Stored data
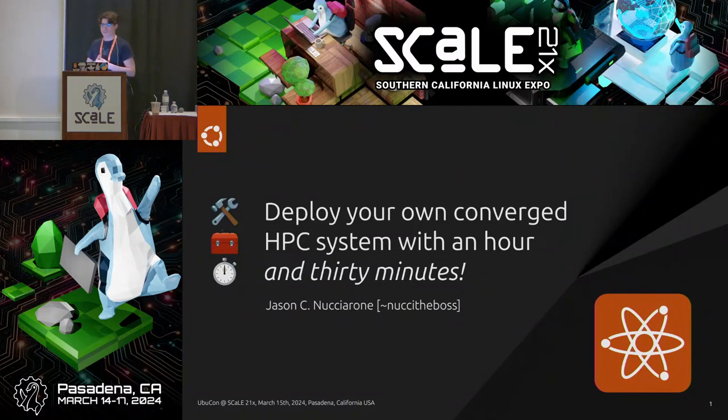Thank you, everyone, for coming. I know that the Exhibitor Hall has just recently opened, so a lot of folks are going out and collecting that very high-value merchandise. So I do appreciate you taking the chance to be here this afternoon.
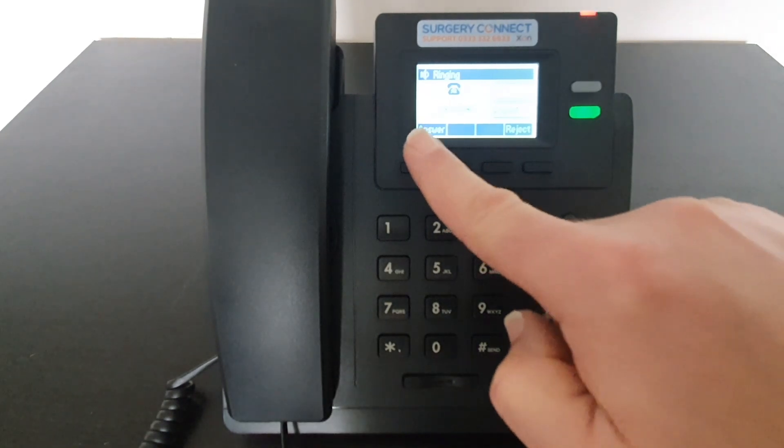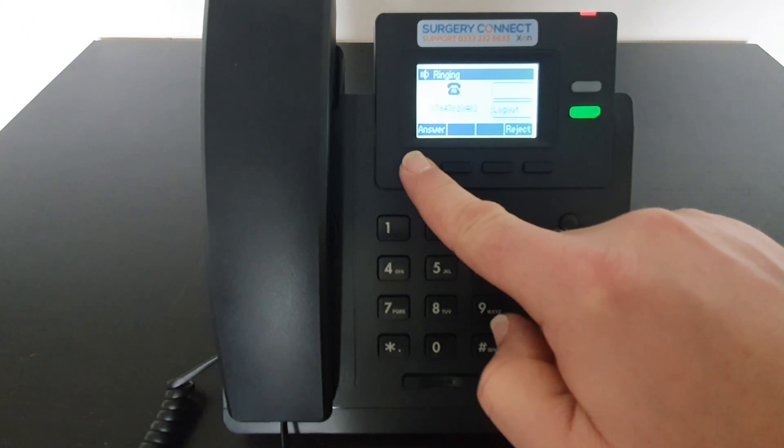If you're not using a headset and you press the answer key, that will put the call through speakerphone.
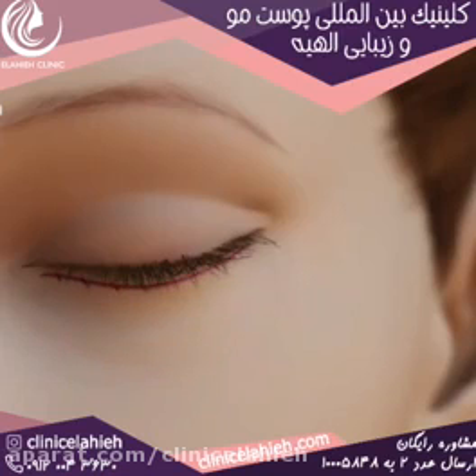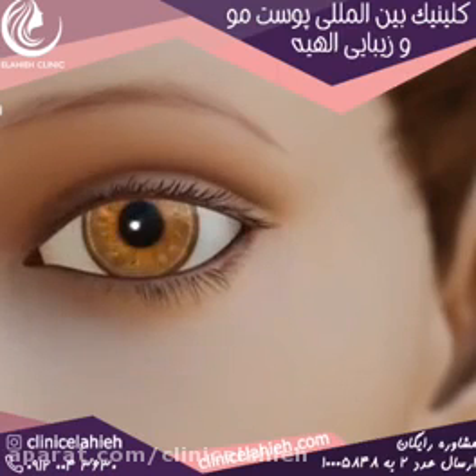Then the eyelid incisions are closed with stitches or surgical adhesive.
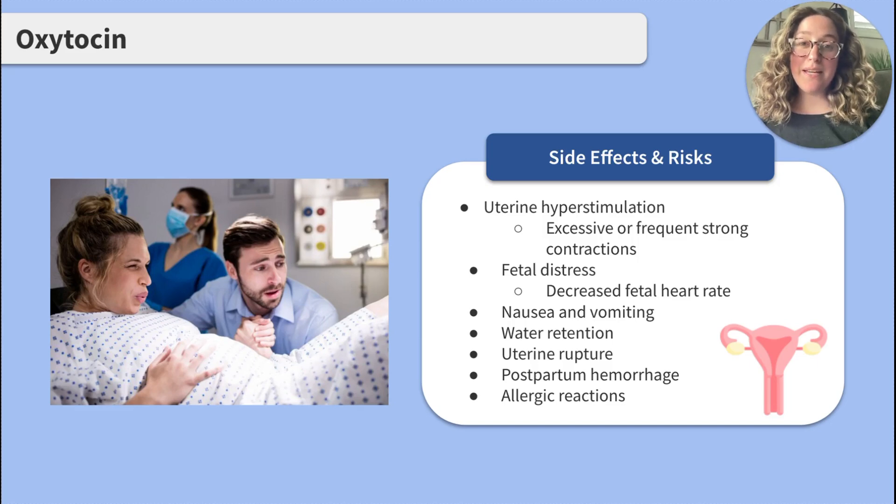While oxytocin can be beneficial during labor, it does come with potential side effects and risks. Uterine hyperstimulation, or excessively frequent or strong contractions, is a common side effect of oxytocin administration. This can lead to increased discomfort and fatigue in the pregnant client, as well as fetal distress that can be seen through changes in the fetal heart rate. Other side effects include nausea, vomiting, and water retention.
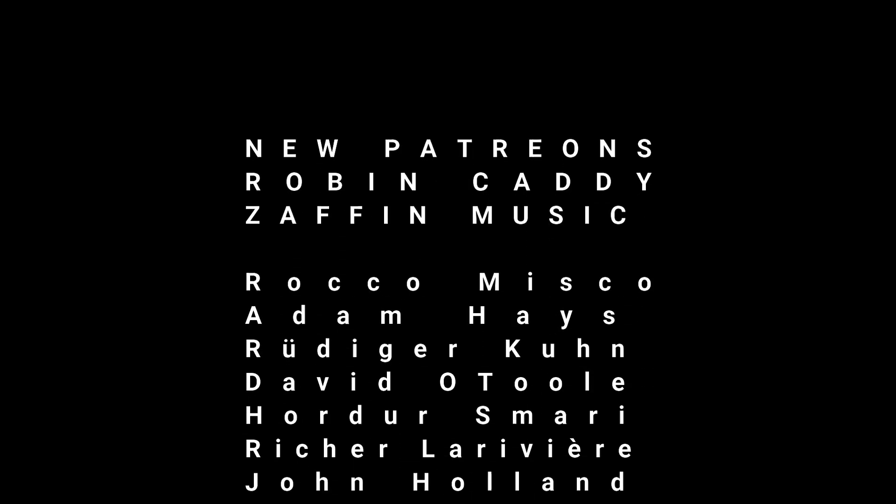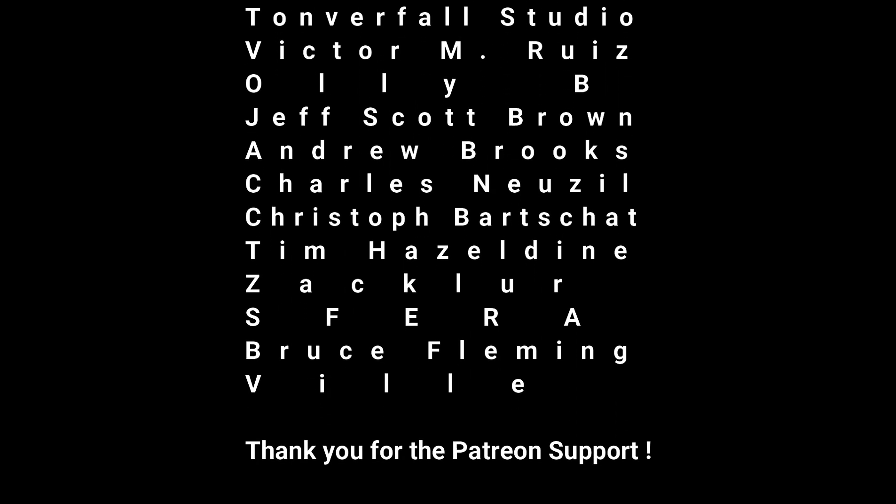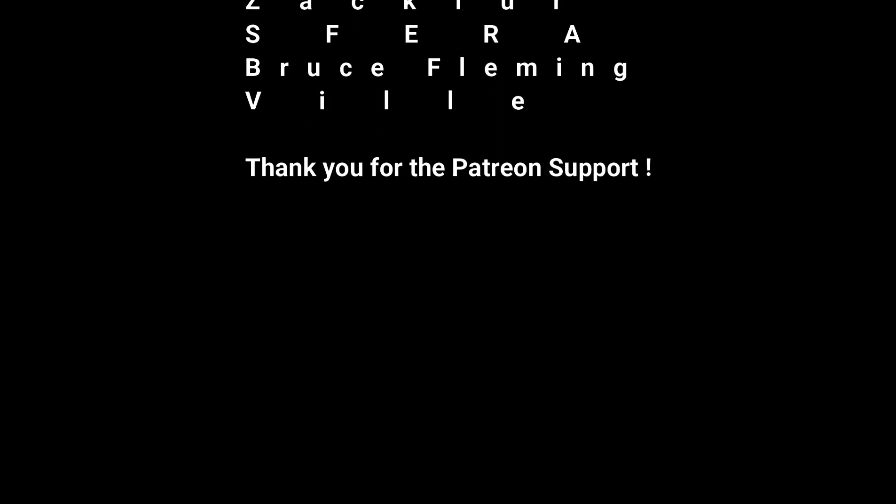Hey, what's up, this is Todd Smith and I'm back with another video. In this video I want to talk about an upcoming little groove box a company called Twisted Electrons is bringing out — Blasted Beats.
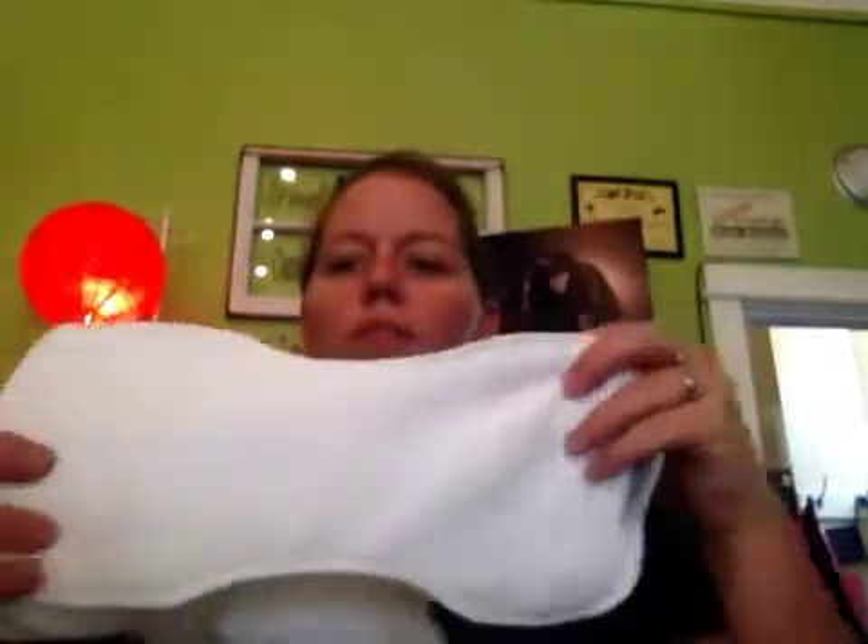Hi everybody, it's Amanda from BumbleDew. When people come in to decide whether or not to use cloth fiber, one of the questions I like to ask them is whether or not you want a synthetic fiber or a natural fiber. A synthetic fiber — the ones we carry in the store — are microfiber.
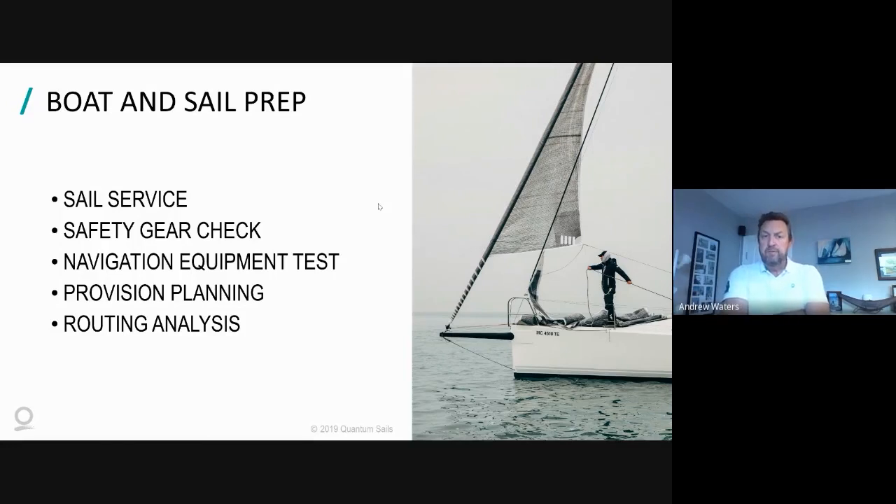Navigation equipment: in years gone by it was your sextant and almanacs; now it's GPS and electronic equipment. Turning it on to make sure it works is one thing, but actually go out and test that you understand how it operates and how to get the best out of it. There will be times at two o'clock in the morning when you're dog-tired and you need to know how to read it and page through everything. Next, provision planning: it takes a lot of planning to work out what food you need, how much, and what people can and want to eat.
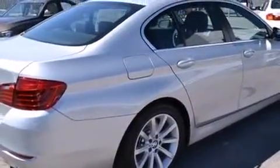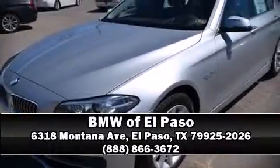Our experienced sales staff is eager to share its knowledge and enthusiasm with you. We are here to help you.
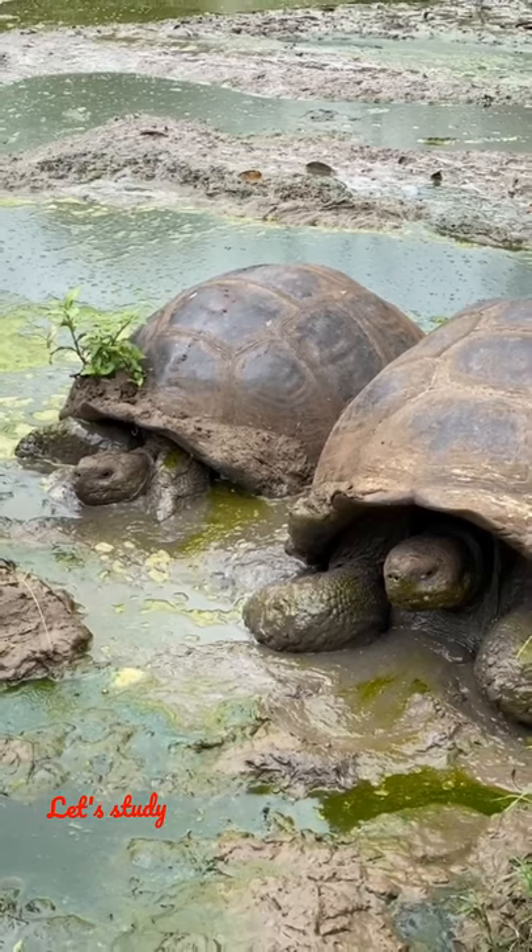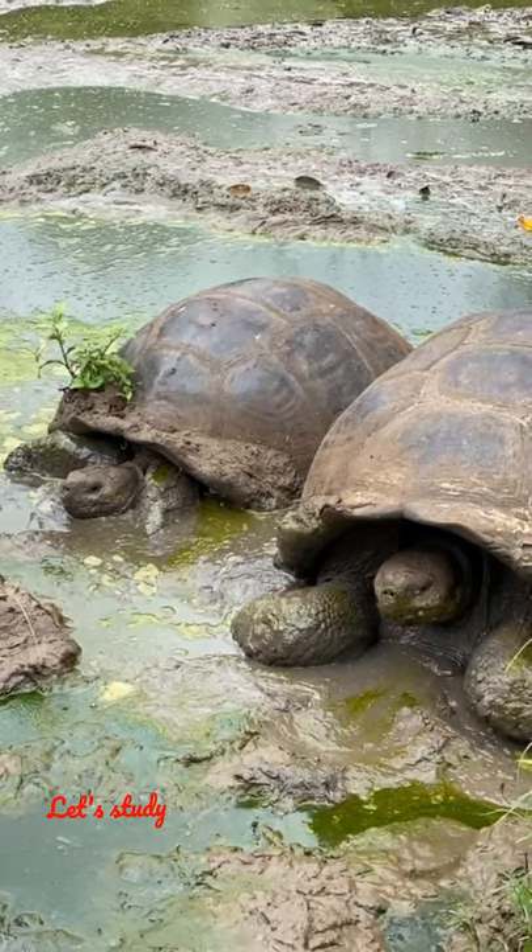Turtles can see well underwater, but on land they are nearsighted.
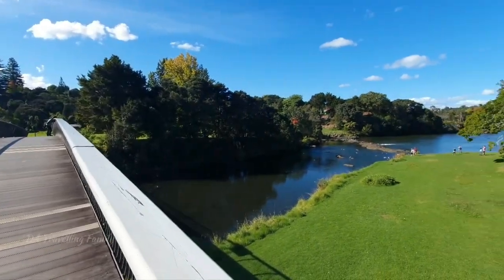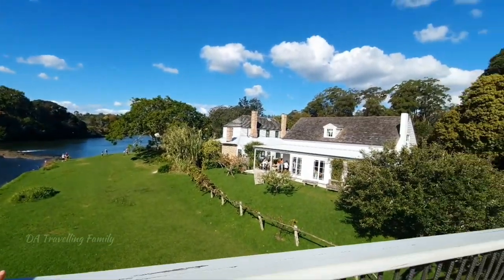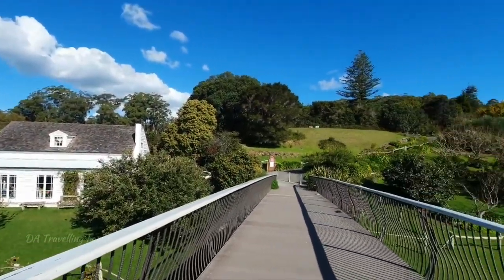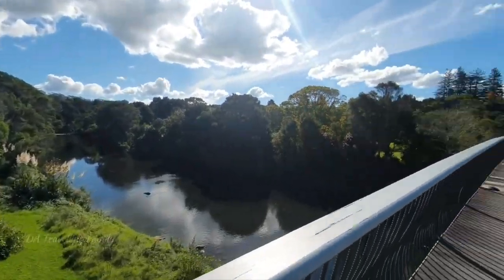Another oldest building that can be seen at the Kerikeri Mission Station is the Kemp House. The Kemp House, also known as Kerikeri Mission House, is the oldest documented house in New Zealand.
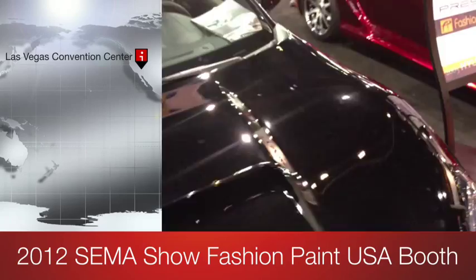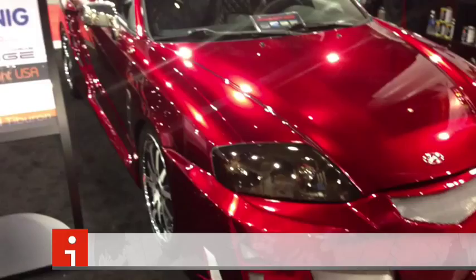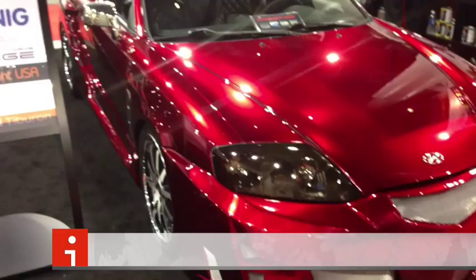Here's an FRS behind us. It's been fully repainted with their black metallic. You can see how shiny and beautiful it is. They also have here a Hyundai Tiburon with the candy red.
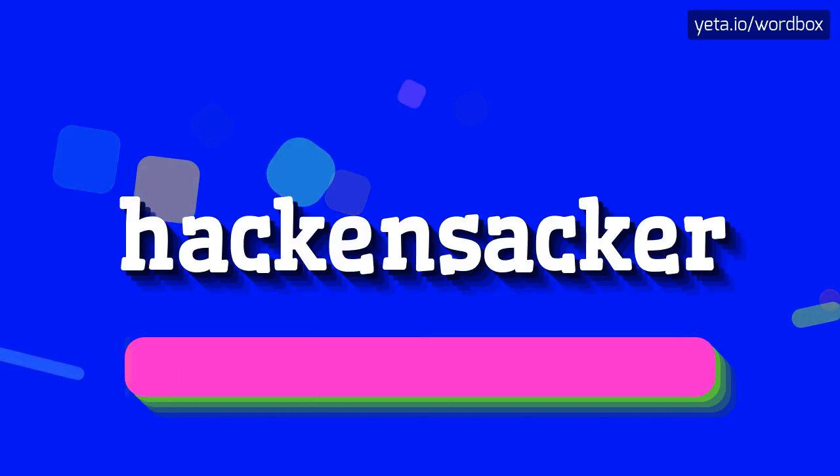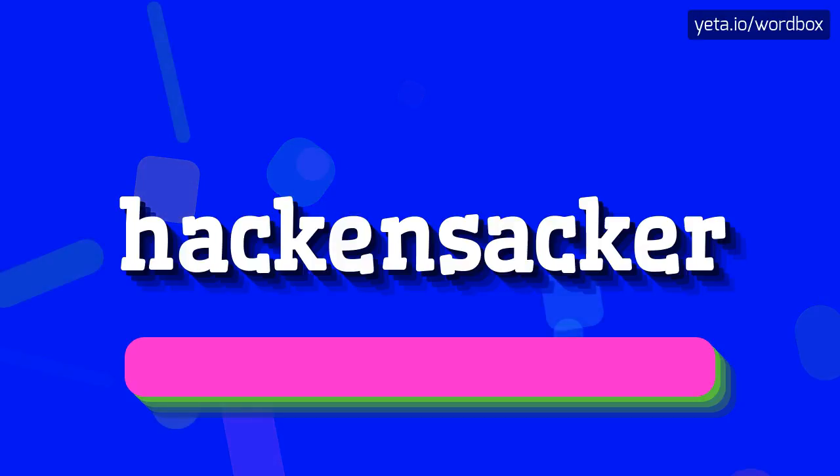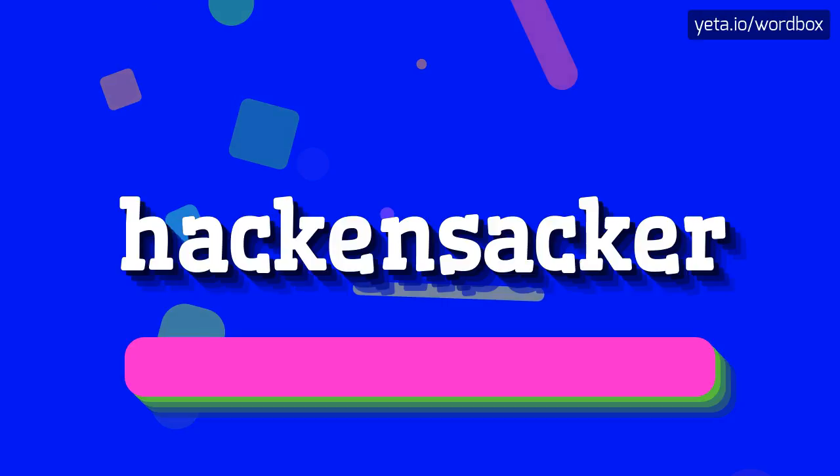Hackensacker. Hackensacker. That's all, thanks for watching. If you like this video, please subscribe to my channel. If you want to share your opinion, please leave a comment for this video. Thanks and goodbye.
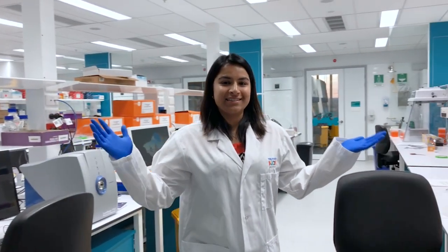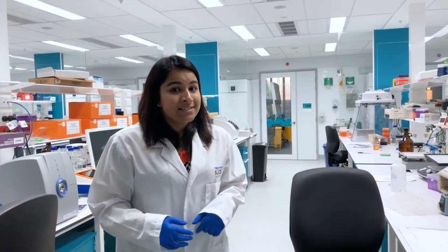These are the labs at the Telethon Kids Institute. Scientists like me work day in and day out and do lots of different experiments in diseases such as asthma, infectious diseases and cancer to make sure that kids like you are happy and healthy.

→ **Task to complete**:
What should come back is an exact copy of the lines above from the line with "Then the eyelid" to the line with "Another oldest building", both included, minus the pictures.

→ **Solution for this problem**:
Then the eyelid incisions are closed with stitches or surgical adhesive.
While oxytocin can be beneficial during labor, it does come with potential side effects and risks. Uterine hyperstimulation, or excessively frequent or strong contractions, is a common side effect of oxytocin administration. This can lead to increased discomfort and fatigue in the pregnant client, as well as fetal distress that can be seen through changes in the fetal heart rate. Other side effects include nausea, vomiting, and water retention.
Hey, what's up, this is Todd Smith and I'm back with another video. In this video I want to talk about an upcoming little groove box a company called Twisted Electrons is bringing out — Blasted Beats.
Hi everybody, it's Amanda from BumbleDew. When people come in to decide whether or not to use cloth fiber, one of the questions I like to ask them is whether or not you want a synthetic fiber or a natural fiber. A synthetic fiber — the ones we carry in the store — are microfiber.
Navigation equipment: in years gone by it was your sextant and almanacs; now it's GPS and electronic equipment. Turning it on to make sure it works is one thing, but actually go out and test that you understand how it operates and how to get the best out of it. There will be times at two o'clock in the morning when you're dog-tired and you need to know how to read it and page through everything. Next, provision planning: it takes a lot of planning to work out what food you need, how much, and what people can and want to eat.
Our experienced sales staff is eager to share its knowledge and enthusiasm with you. We are here to help you.
Turtles can see well underwater, but on land they are nearsighted.
Another oldest building that can be seen at the Kerikeri Mission Station is the Kemp House. The Kemp House, also known as Kerikeri Mission House, is the oldest documented house in New Zealand.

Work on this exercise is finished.